Each day, the party may spend up to ten hours in travel or exploration. This is usually broken up into the following schedule:

7:00 – 8:00 AM Strike camp/break fast

8:00 – 12:00 Travel or exploration

12:00 – 1:00 Break for lunch

1:00 – 5:00 Travel or exploration

5:00 – 7:00 Set-up camp/dinner

7:00 – 11:00 1st Watch

11:00 – 3:00 2nd Watch

3:00 – 7:00 3rd Watch

Failure to take a rest after 4 hours of travel results in a -1 penalty on all rolls until next rest, cumulative.

Each day one person consumes one day’s rations or fresh food, one skin of water, and requires eight hours of sleep. Failure to fulfill one of these needs results in a penalty of -1 to Con, cumulative, for the next 24 hours or until the need is met.

Each day of travel & exploration, your party may take one of the following options:

· Travel for a number of miles based on his or her encumbrance, modified by terrain.

o Scavenge for food while you travel. Roll 1d6. On a 1, you find 1d6 days with of food.

· Explore a five mile hex completely (i.e. get the Grand Tactical map for it).

· Hunt for food with no travel. Roll 1d6. On a 1, you find 2d6 days worth of food.

· Search a hex for a specific place based on a rumor, directions or treasure map.

· Restock and rest at a center of civilization like a citadel or village.

· In a city, take a city turn.

In the underworld, time is broken up into turns, which are ten minutes in length. Each turn, you may do one of the following:

· Travel 120’, modified by encumbrance, while mapping.

· Search a 10’ by 10’ area for traps or secret doors.

· Engage in one combat and clean-up.

· Run 120’ for up to five rounds, modified by encumbrance, and then rest for the balance of the turn.

You must rest once every six turns or gain a -1 penalty on all rolls until next rest, cumulative.

Remember, as referee, the standard check for wandering monsters is made every six turns of exploration, with additional checks for combat, loud noises made by the party, etc. In addition, the party must rest one turn out of every six. I have abstracted the amount of time for some common occurrences, such as combat and running away, in order to make time keeping easier. A single page chart summaries underworld movement thusly:

Underworld Time Track

7:00 – 8:00 AM Strike camp/break fast

8:00 – 12:00 Travel or exploration

8:00 __ __ __ __ __ R WM Check □ 1 - 2 (d6)

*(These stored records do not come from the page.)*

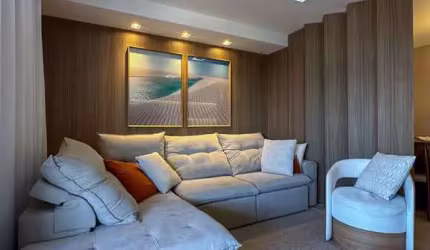 Apartamento no Edifício Novo Centro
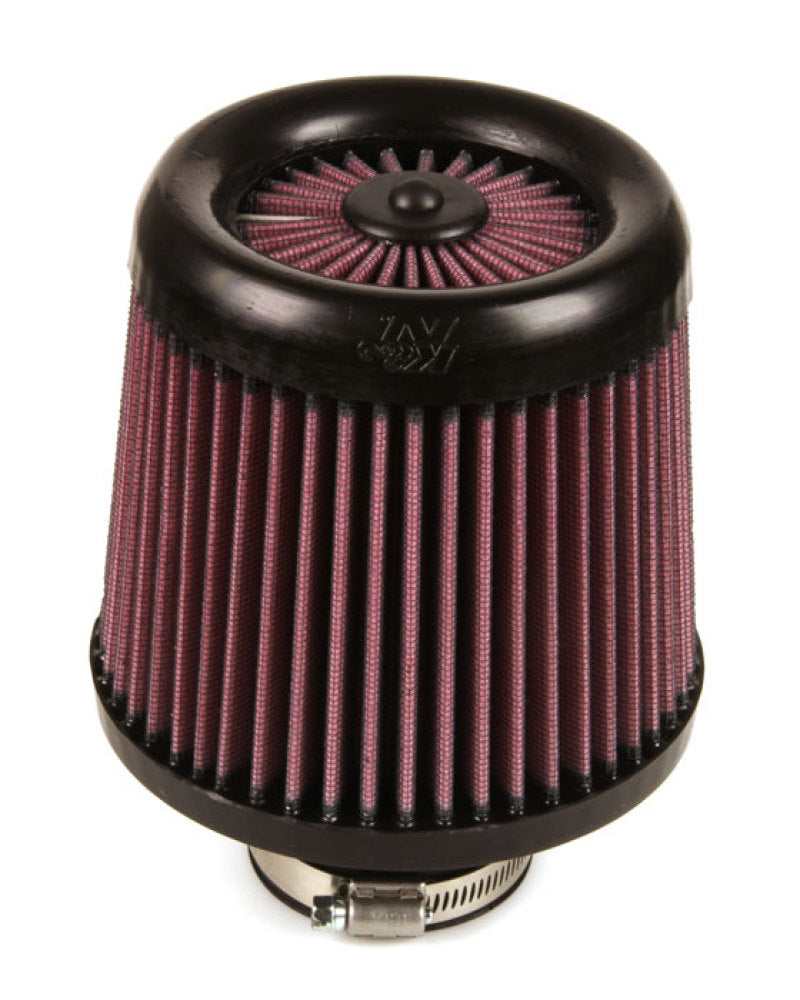 K&N Engineering K&N Filter Universal X Stream Clamp-On 2.5in Flange ID / 6in Base OD / 5in Top OD / 5.5in Height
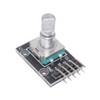 Hailege 5pcs 360 Degrees Rotary Encoder Module Brick Sensor Switch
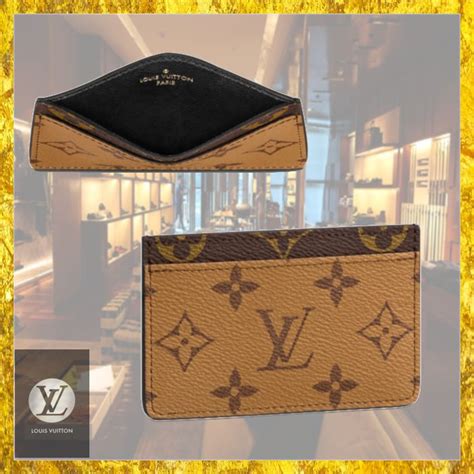 louis vuitton m69161|Louis Vuitton monogram cards.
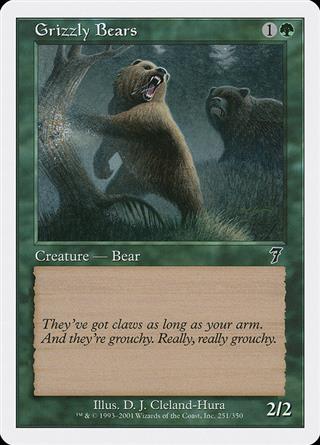 Grizzly Bears (Ninth Edition)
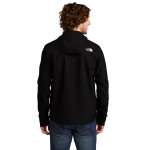 NF0A529R The North Face Castle Rock Hooded Soft Shell Jacket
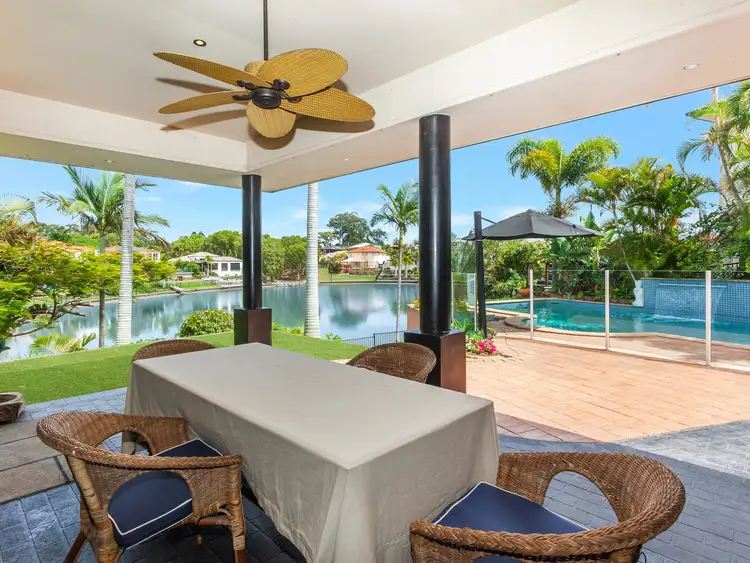 Main view of Homely house listing, 6 Crozet Crt, Burleigh Waters QLD 4220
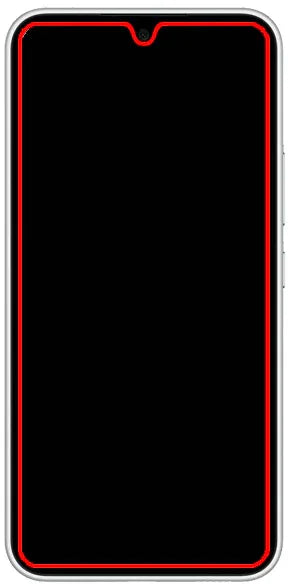 Mobilize Glass Screen Protector Samsung Galaxy A54 5G/S23 Fe 5G - Essentify
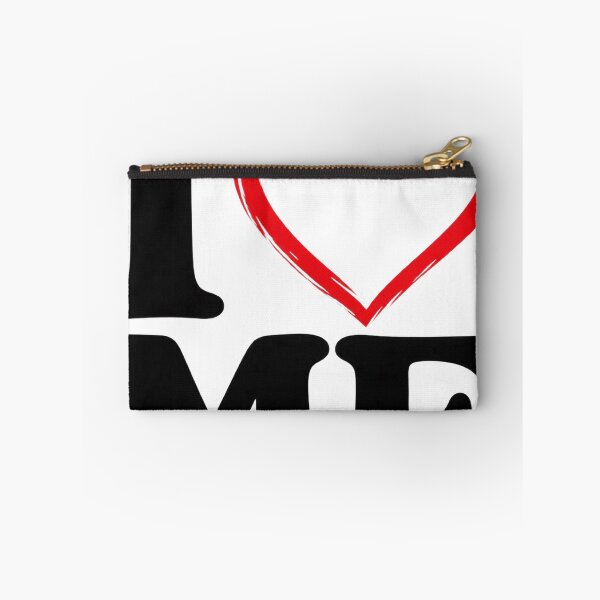 Item preview, I Love Me — Big Self Love Heart designed and sold by FitEnvy.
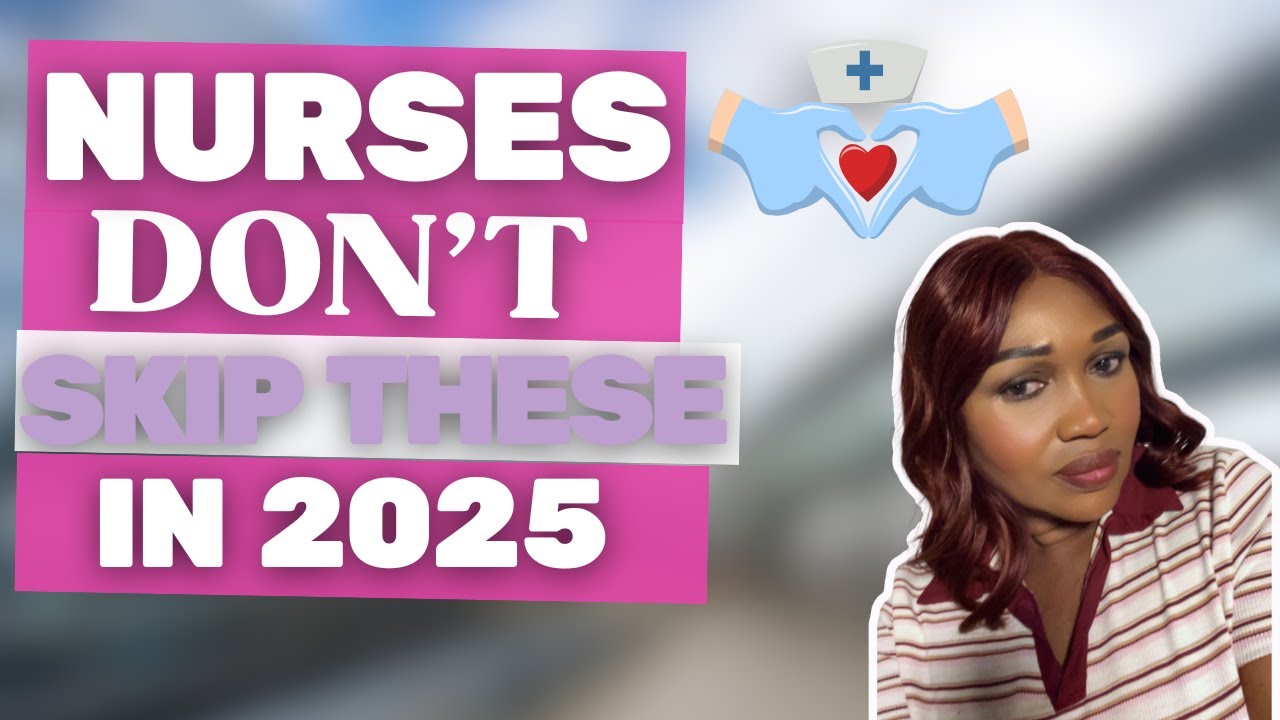 Top 5 Certifications Every International Nurse Should Get in 2025 (No Gatekeeping!)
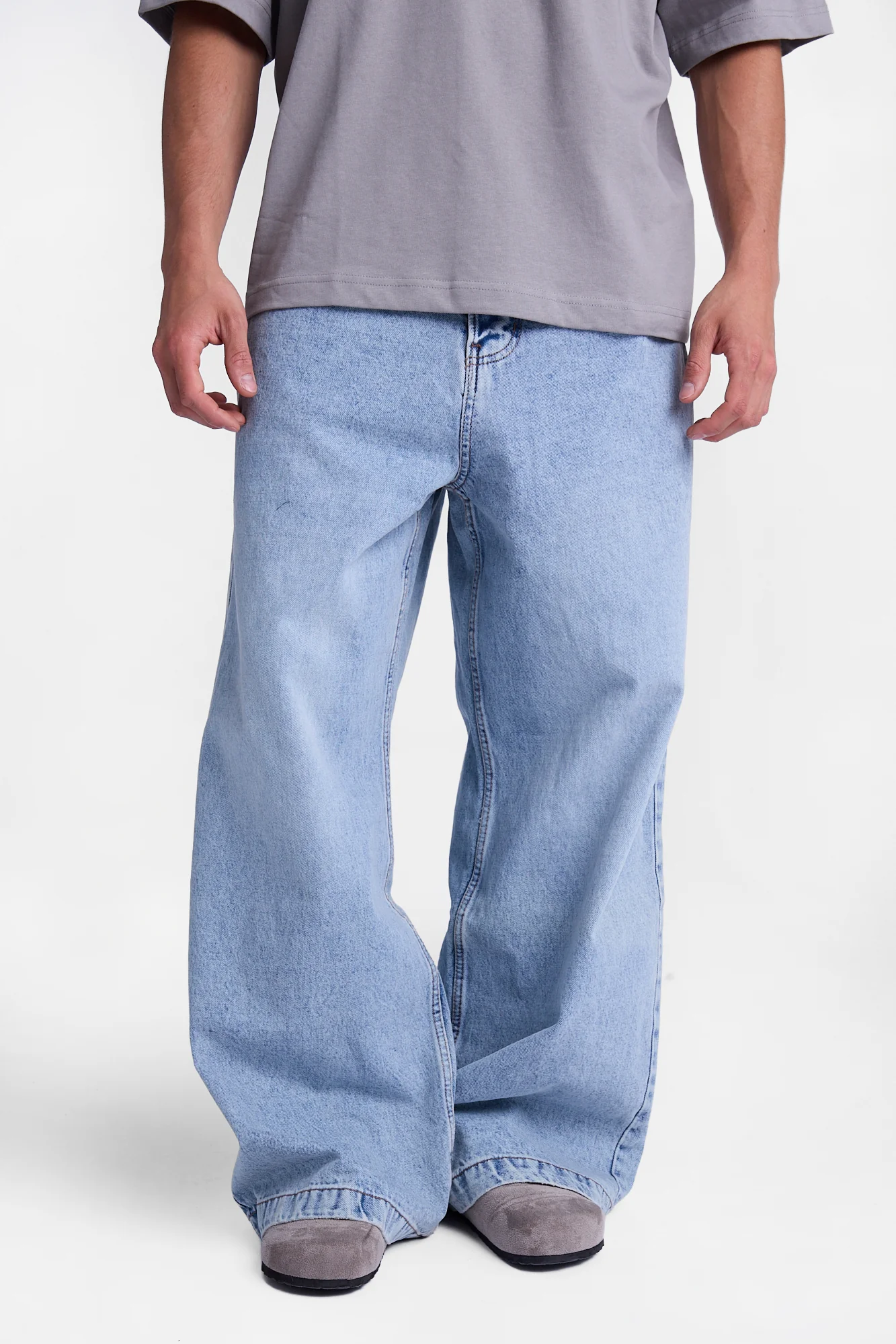 Big Baggy Jeans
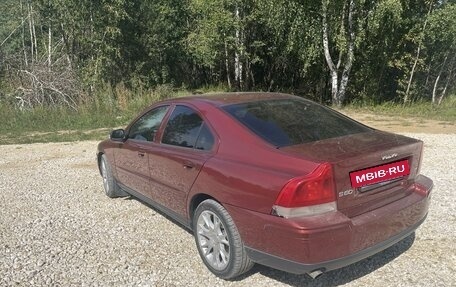 Volvo S60 III, 2007 год, 800 000 рублей, 4 фотография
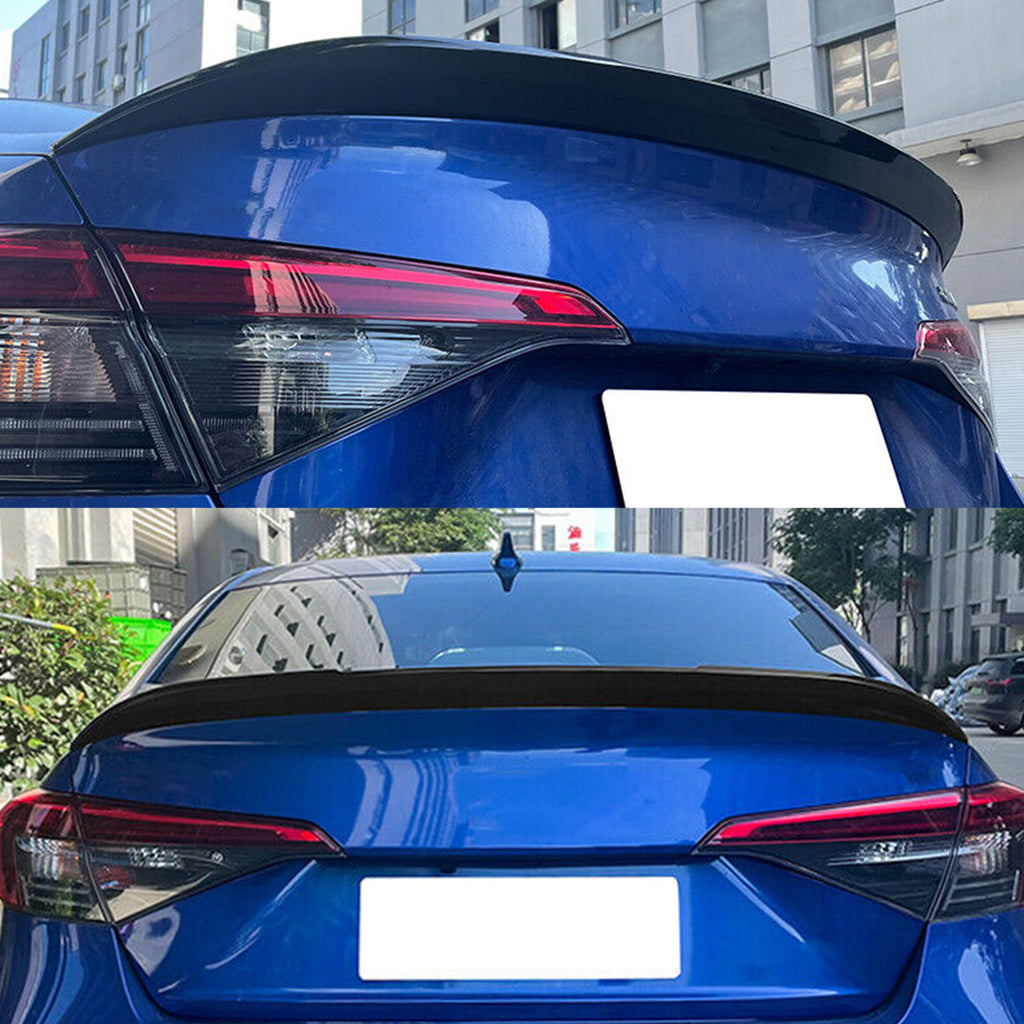 Acmex Rear Spoiler Wing Compatible with 2021-2023 Civic 11th Gen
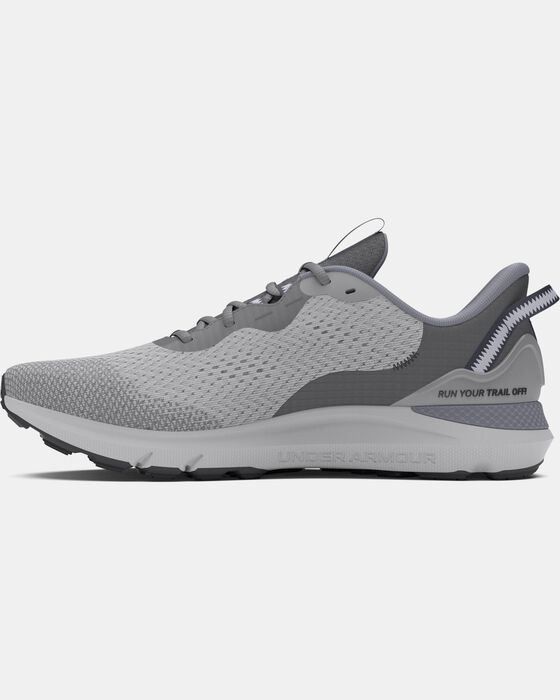 Unisex UA Sonic Trail Running Shoes image number 1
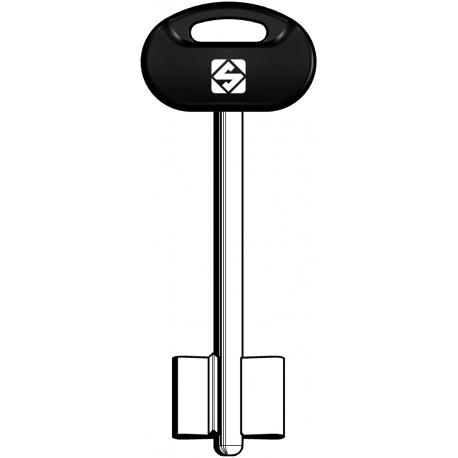 SILCA SILCA 5MT21BP CHIAVE DM TP MOTTURA |%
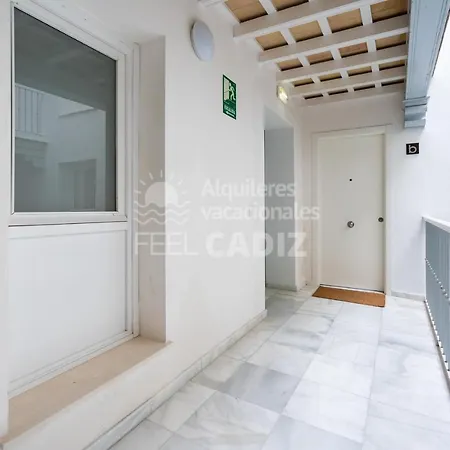El Mirador Del Paso Apartment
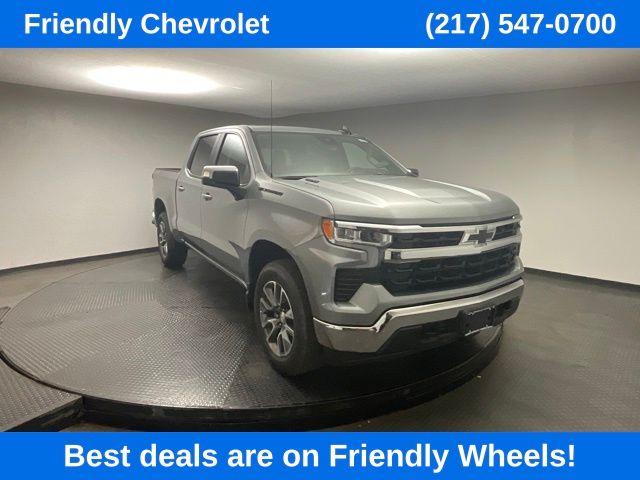 2026 Chevrolet Silverado 1500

9:00 __ __ __ __ __ R WM Check □ 1 - 2 (d6)

10:00 __ __ __ __ __ R WM Check □ 1 - 2 (d6)

11:00 __ __ __ __ __ R WM Check □ 1 - 2 (d6)

12:00 – 1:00 Break for lunch

1:00 – 5:00 Travel or exploration

1:00 __ __ __ __ __ R WM Check □ 1 - 2 (d6)

2:00 __ __ __ __ __ R WM Check □ 1 - 2 (d6)

3:00 __ __ __ __ __ R WM Check □ 1 - 2 (d6)

4:00 __ __ __ __ __ R WM Check □ 1 - 2 (d6)

5:00 – 7:00 Set-up camp/dinner

Nightly WM Check □ 1 - 2 (d6)

(Conduct once a night, then roll 1d6 to find the watch it occurred on)

7:00 – 11:00 1st Watch 1 - 2

11:00 – 3:00 2nd Watch 3 - 4

3:00 – 7:00 3rd Watch 5 - 6

Codes: E = Explore S = Search C = Combat and Recover R = Rest N = Negotiate

Enter a code in the line corresponding the activity conducted by the party, and you easily have a mini-record of the exploration conducted by the party for each day.